Taking care of a dog is a bit like babysitting. You will be caring for an animal that will be depending on you for food, water, exercise and interaction. But before you agree to do this, you must ask some important questions so that the whole dog sitting experience works out well for you, the dog and your friend.
1. How Often and when Should I Feed the Dog?
The answer may seem simple to you, but it is more complex than you imagine. A dog will have his own routine that he follows each day and you would do well to try and keep to the usual feeding routine so that the dog does not become distressed by too many changes all at once. It will be bad enough that his owner is gone, but if you also change his feeding routine, this can cause further disruption to the dog’s life.
2. Does the Dog Stay Outside During the Daytime?
It is important to know where the dog is kept during the daytime. If you will be dog sitting and juggling work and family commitments at the same time, you will have to manage your time well. Dogs who stay outside during the daytime will not take too much care and attention while you are at work. Simply feed and water the dog and place him outside until you return home.
3. When Does the Dog Go for Walks and for How Long?
If possible, try to keep to the dog’s routine, but if a 45 minute morning walk does not fit in with your own schedule, then you will need to make adjustments to your routine. Try to reach a compromise that will still allow the dog to go out for a few minutes each morning, such as a 10 minute walk before work and a lengthier walk to make up for it when you get home.
4. Is it Safe to Let the Dog Run Free when Going for a Walk?

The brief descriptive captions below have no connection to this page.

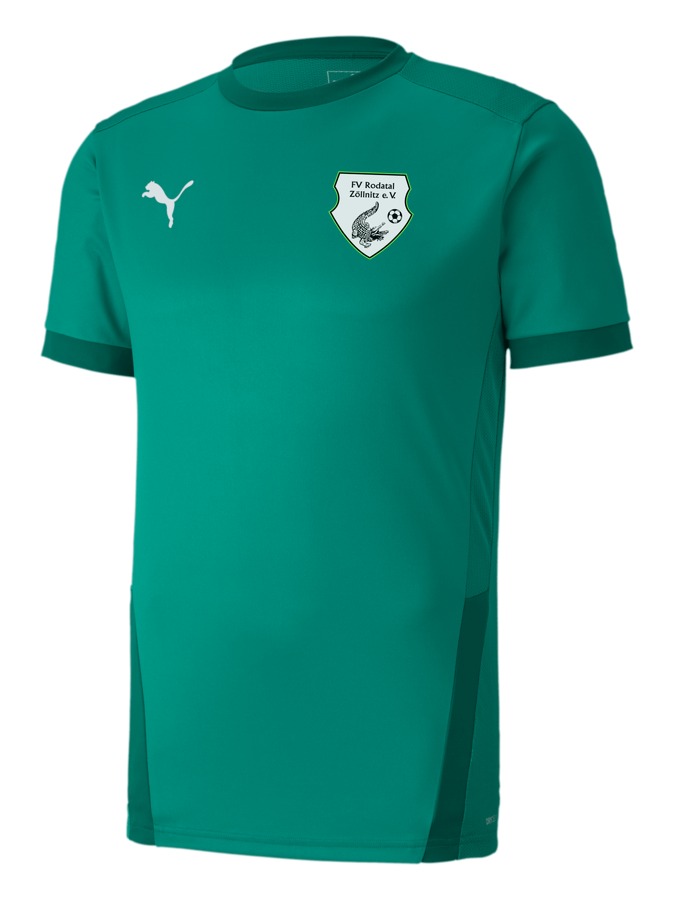 PUMA teamGOAL 23 Trikot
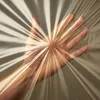 Sacchi per rifiuti gialli, classici, resistenti, Anteprima dell’immagine prodotto 2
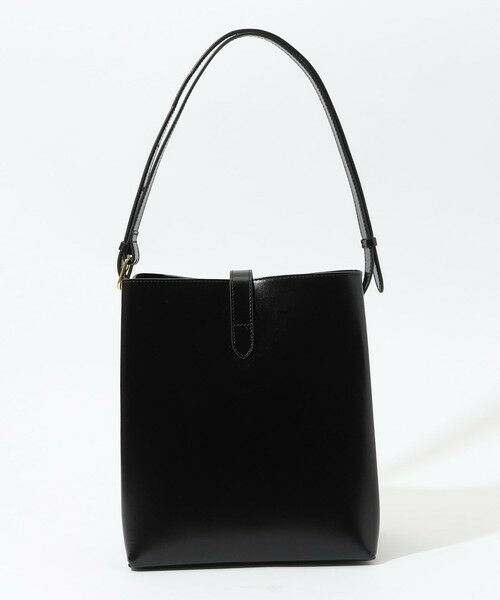 TOMORROWLAND / トゥモローランド ショルダーバッグ | Soeur BELLO バケットバッグ | 詳細3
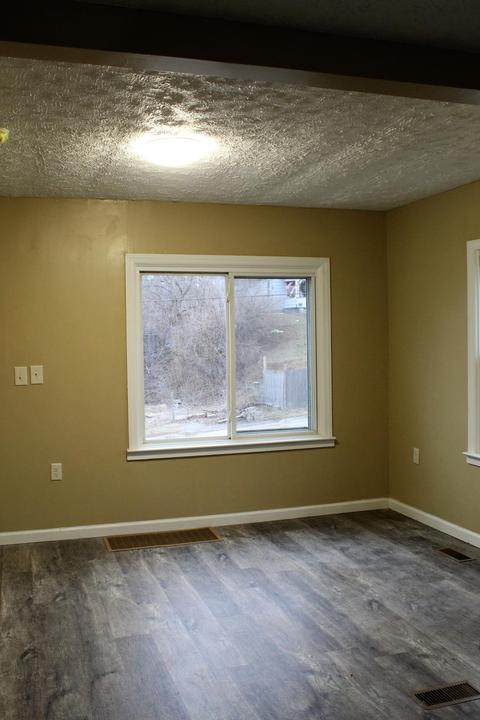 2121 Tavenner, Springfield, OH 45503 photo 3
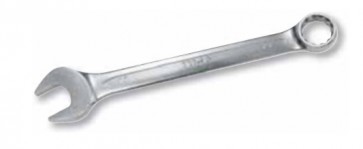 Lehtsilmusvõti 13mm blister Irimo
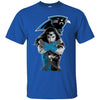 Carolina Panthers Wonder Woman Women March Women Rights T Shirts Hoodie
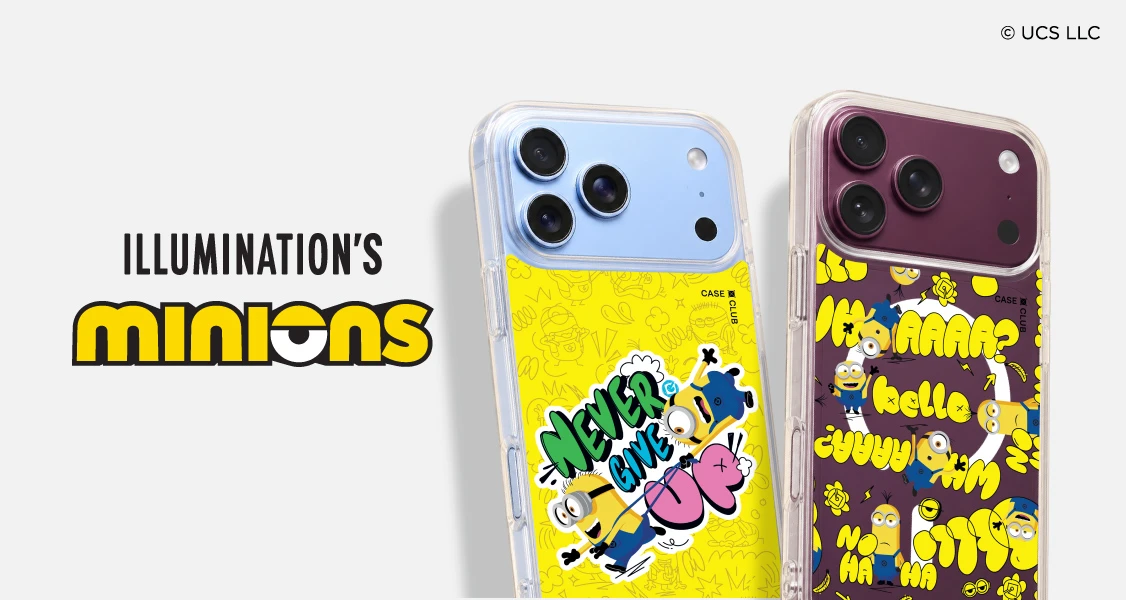 products thumbnail
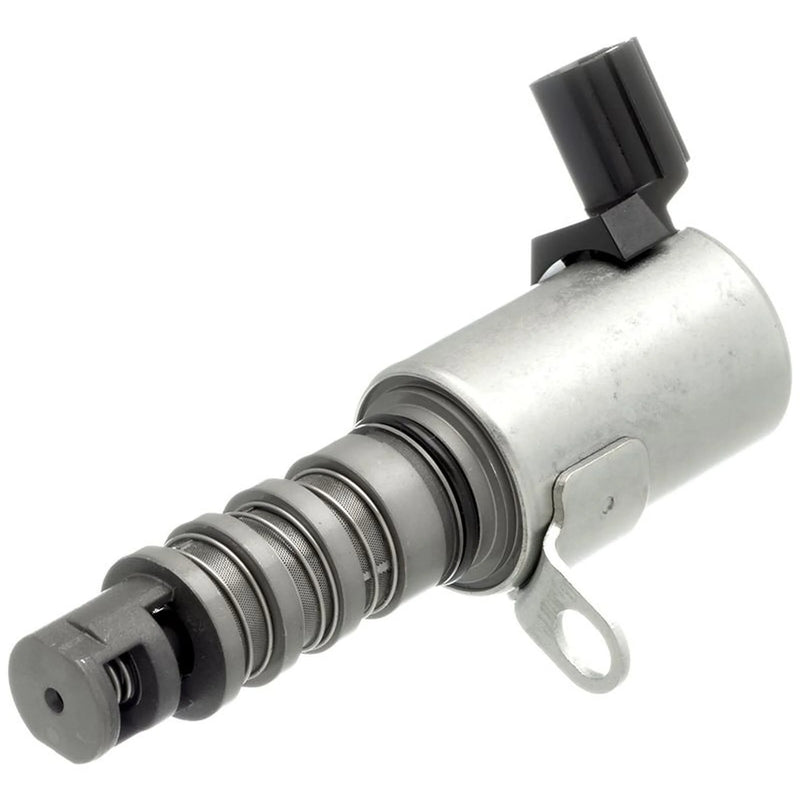 Gates VVT Camshaft Control Valve Cylinder Head VVS148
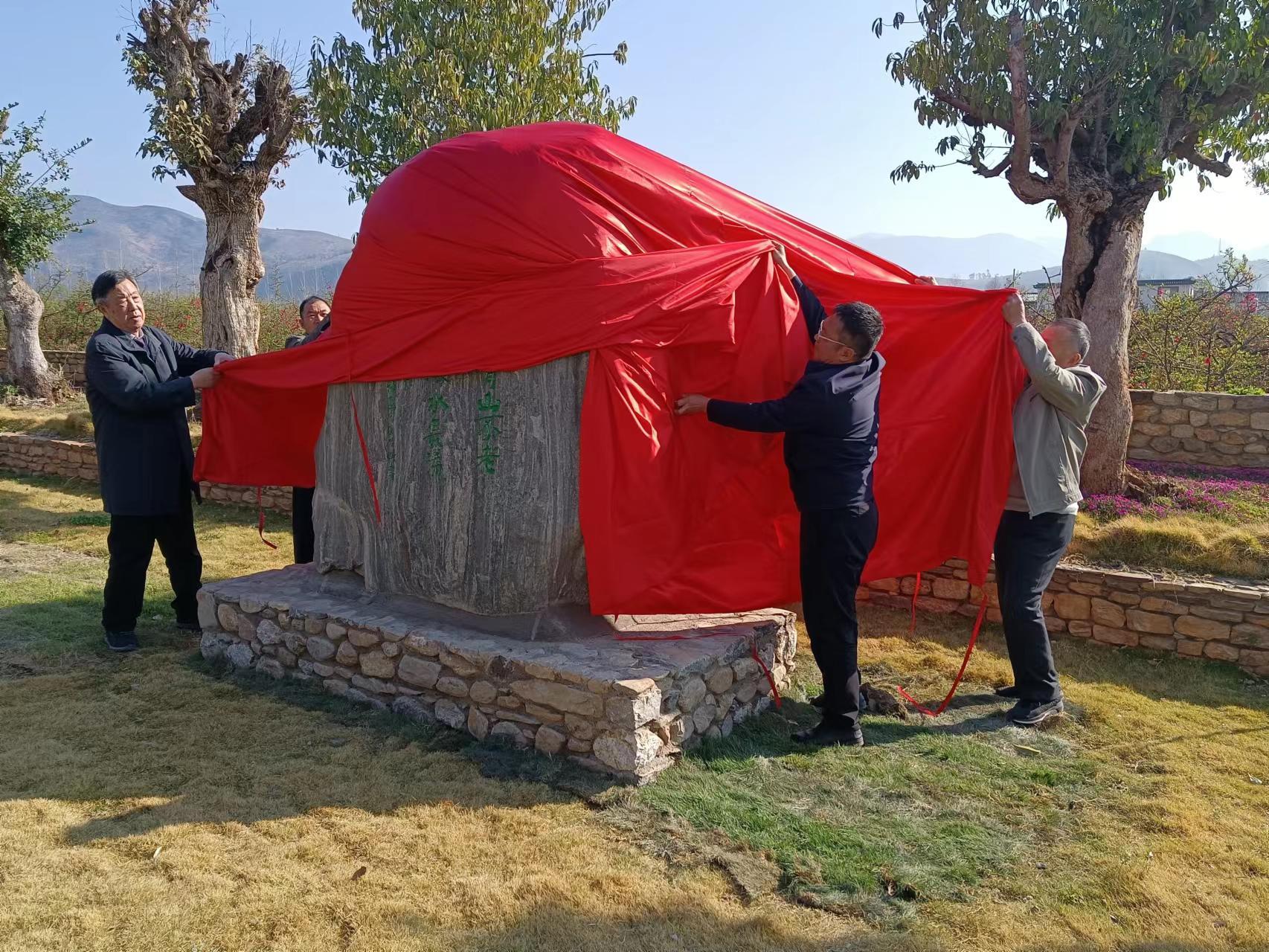 媒体从业30年记‖我与五位奥运冠军的采访缘（下）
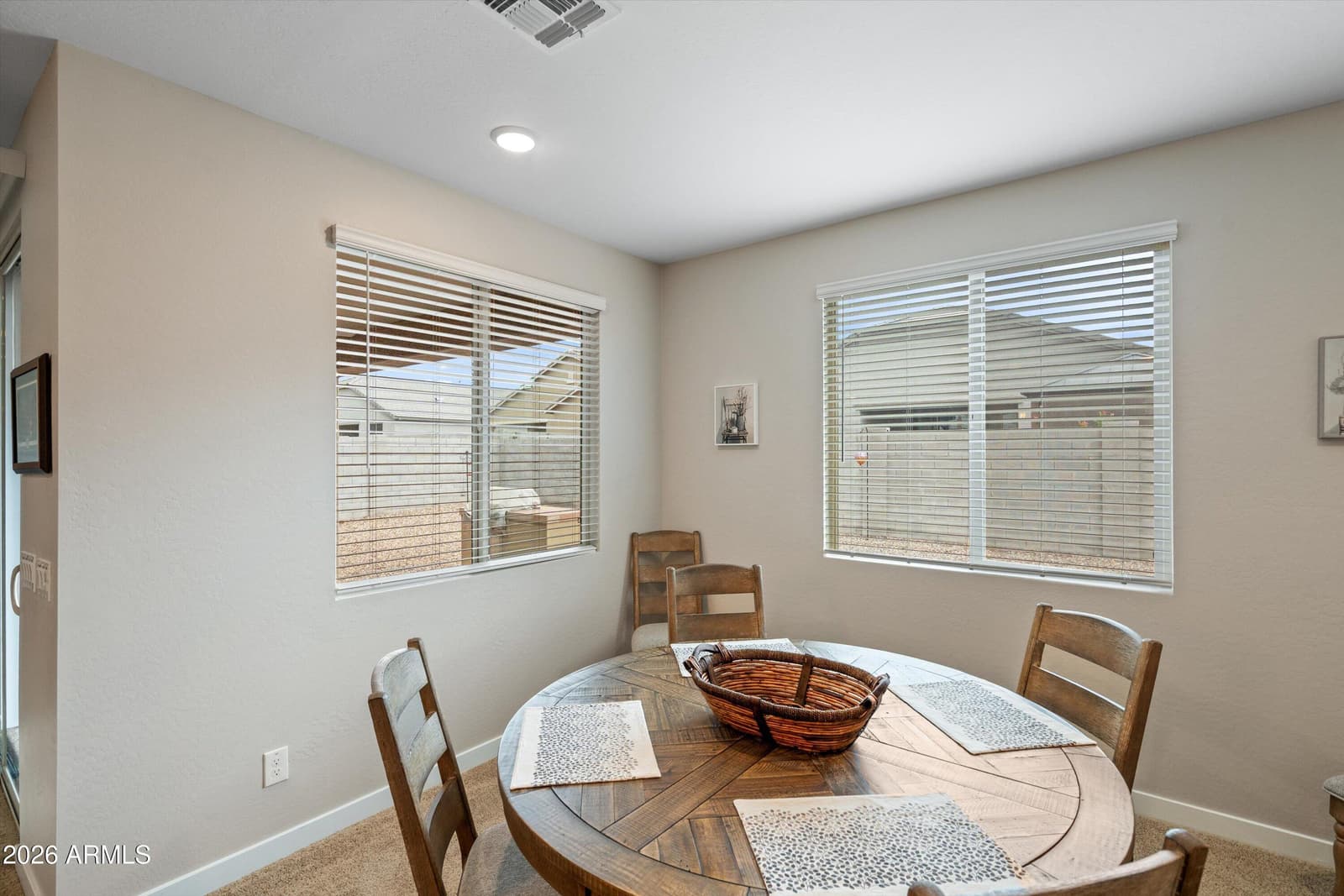 16860 W Buckhorn Trail, Surprise, AZ 85387 — photo 15 of 42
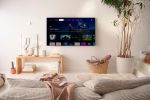 Google Chromecast with Google TV HD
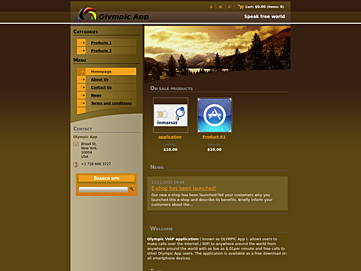 marathon-com2.webnode.gr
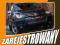 VW TOUAREG 2010/11r 3.0 TDI 30tkm WYPASIONY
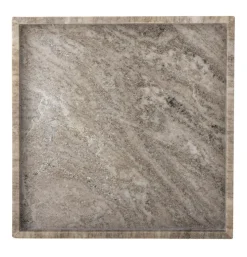 Bloomingville Majsa Tray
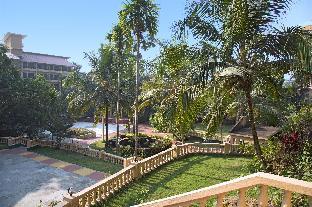 panaji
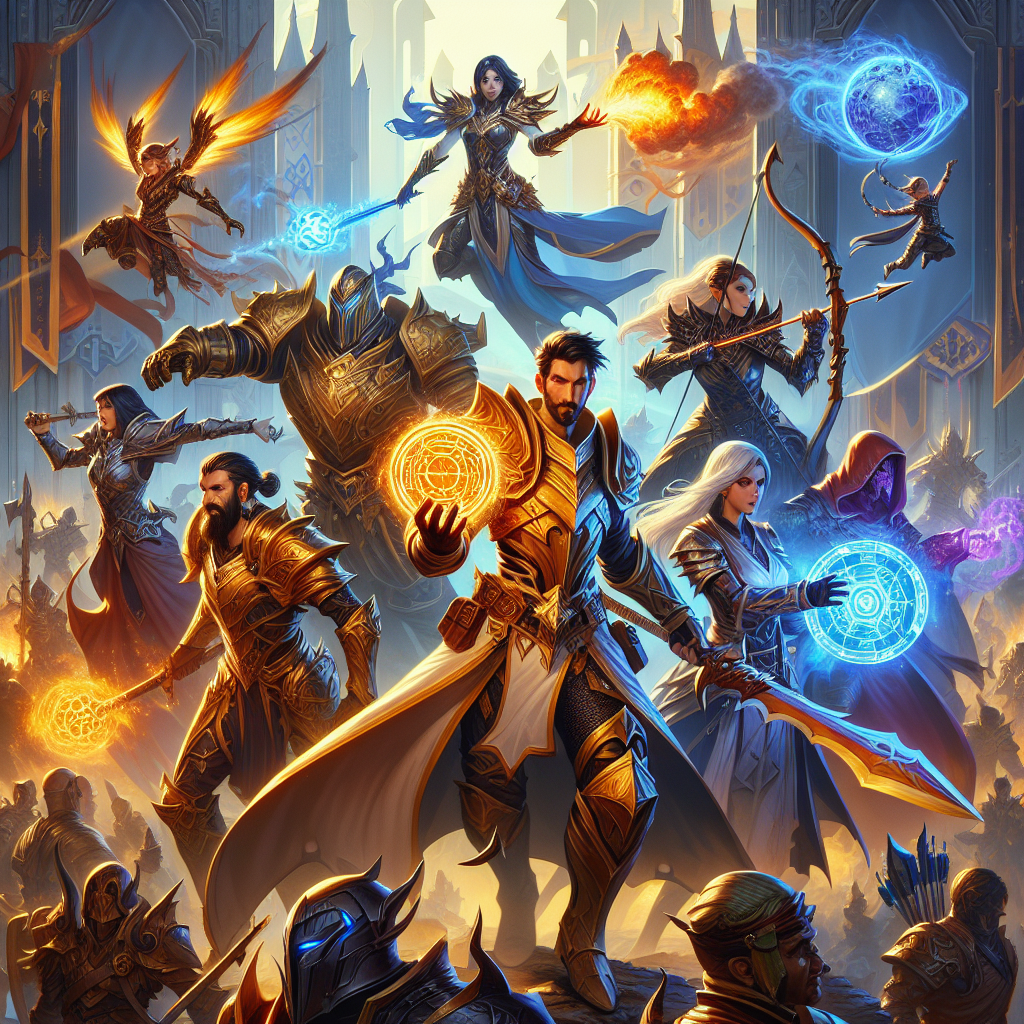 Article illustration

Each dog is different. Do not assume that what works for your own dog or some other dog you know will work for your friend’s dog too. That means not all dogs can be let loose when going for a walk. Some dogs will seek out other dogs and become aggressive. Others may approach children and try to jump all over them. Yet still others decide to run away if given the chance to. Even if your friend insists that Fido is perfectly well behaved when let loose, do not go by that alone. You will be responsible for the dog while he is in your care. So it is best to keep the dog on a lead rather than allow him to run freely. If the dog disrupts other dogs, children, or runs away, you will ultimately be responsible for the dog’s actions.
Dog sitting for friends can be rewarding and fun, as you get to interact with the dog and spend time caring for him. You may even be able to build up a bond with the dog, that you did not have before. But before agreeing to care for your friend’s dog, be sure to ask how you should care for him.